§ Recorded information:
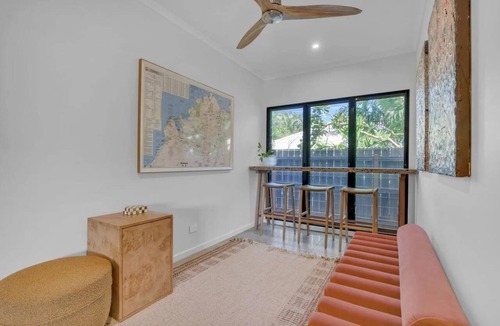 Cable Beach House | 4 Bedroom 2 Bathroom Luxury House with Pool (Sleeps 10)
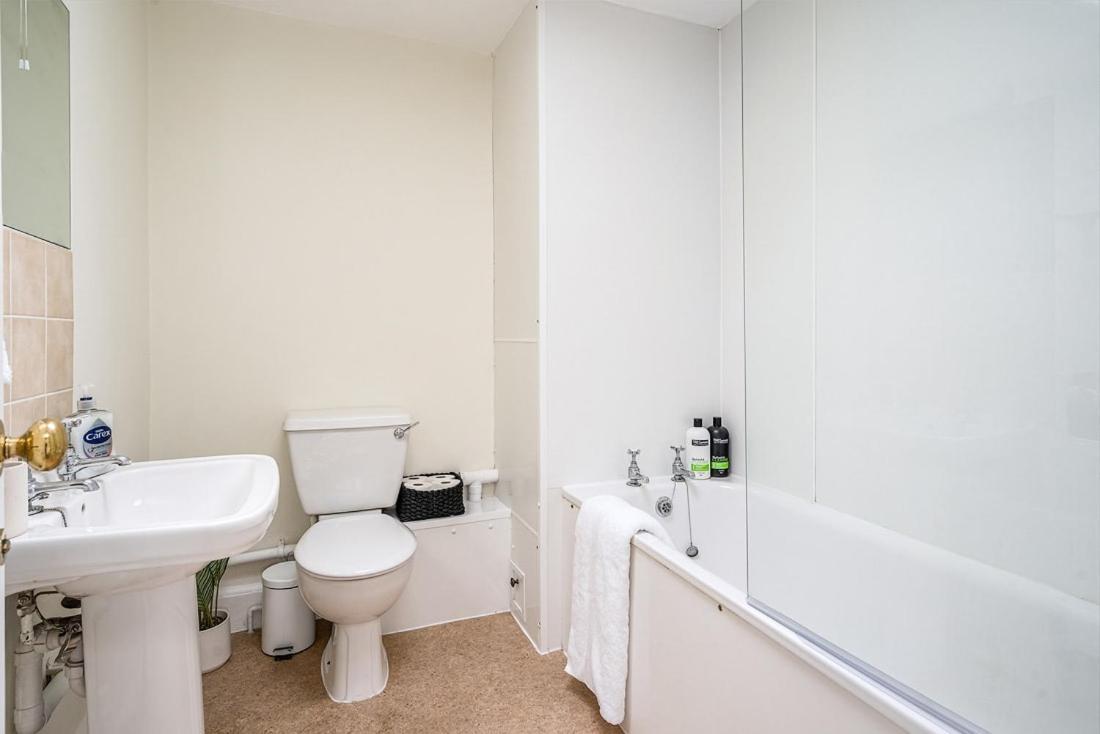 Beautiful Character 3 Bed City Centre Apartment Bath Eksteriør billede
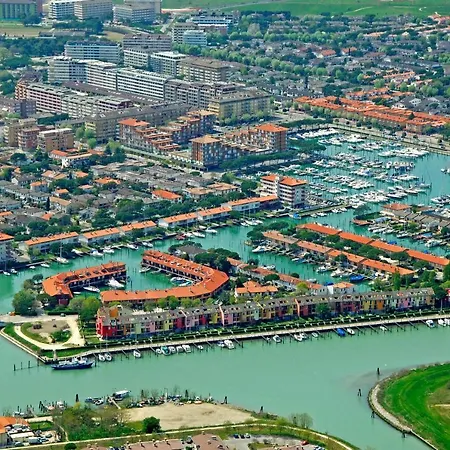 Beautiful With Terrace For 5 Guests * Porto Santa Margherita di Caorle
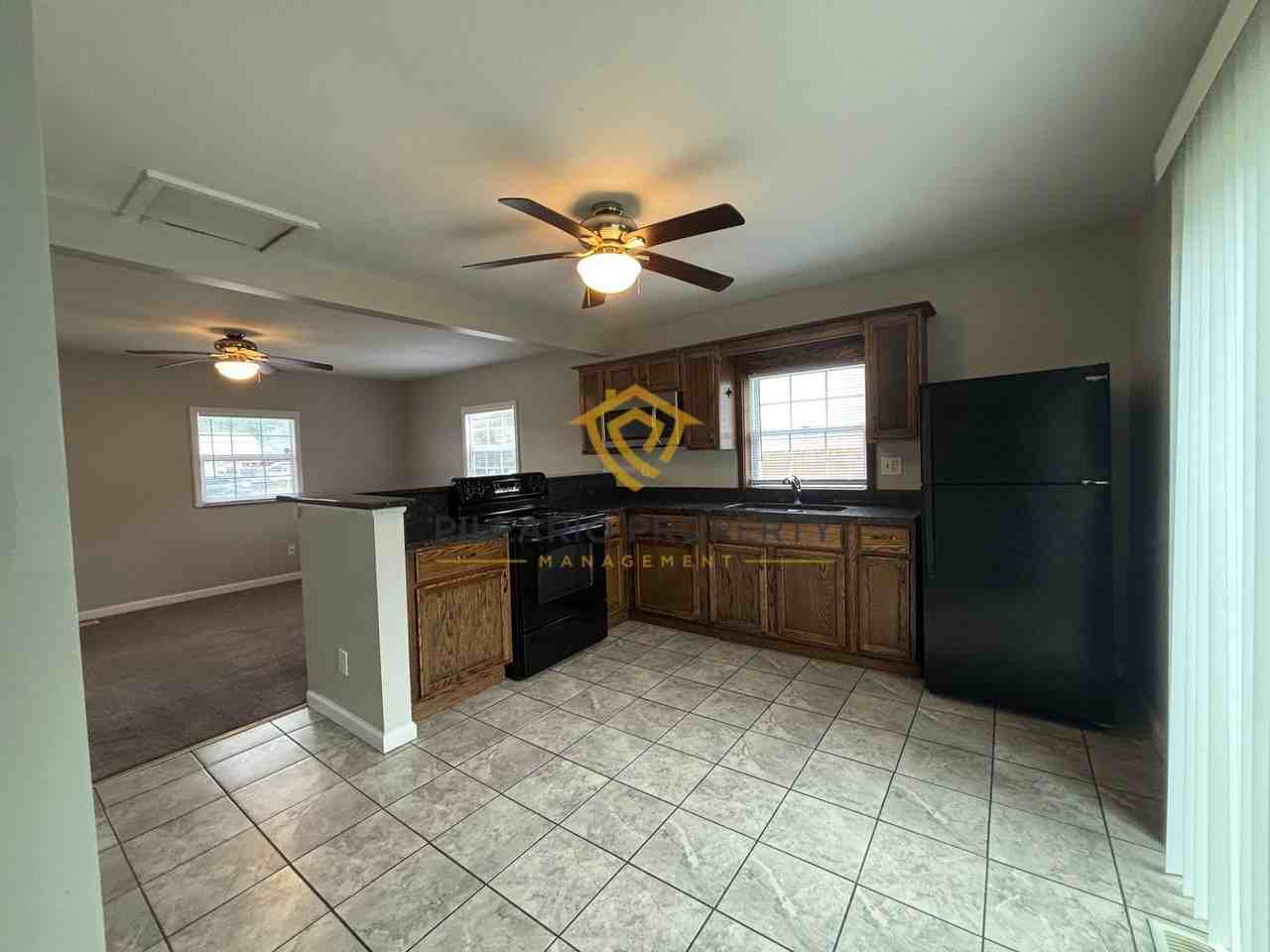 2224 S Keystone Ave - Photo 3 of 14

§ Work task: Exclude the images, then output the data above word for word.

§ Response area:
 Cable Beach House | 4 Bedroom 2 Bathroom Luxury House with Pool (Sleeps 10)
 Beautiful Character 3 Bed City Centre Apartment Bath Eksteriør billede
 Beautiful With Terrace For 5 Guests * Porto Santa Margherita di Caorle
 2224 S Keystone Ave - Photo 3 of 14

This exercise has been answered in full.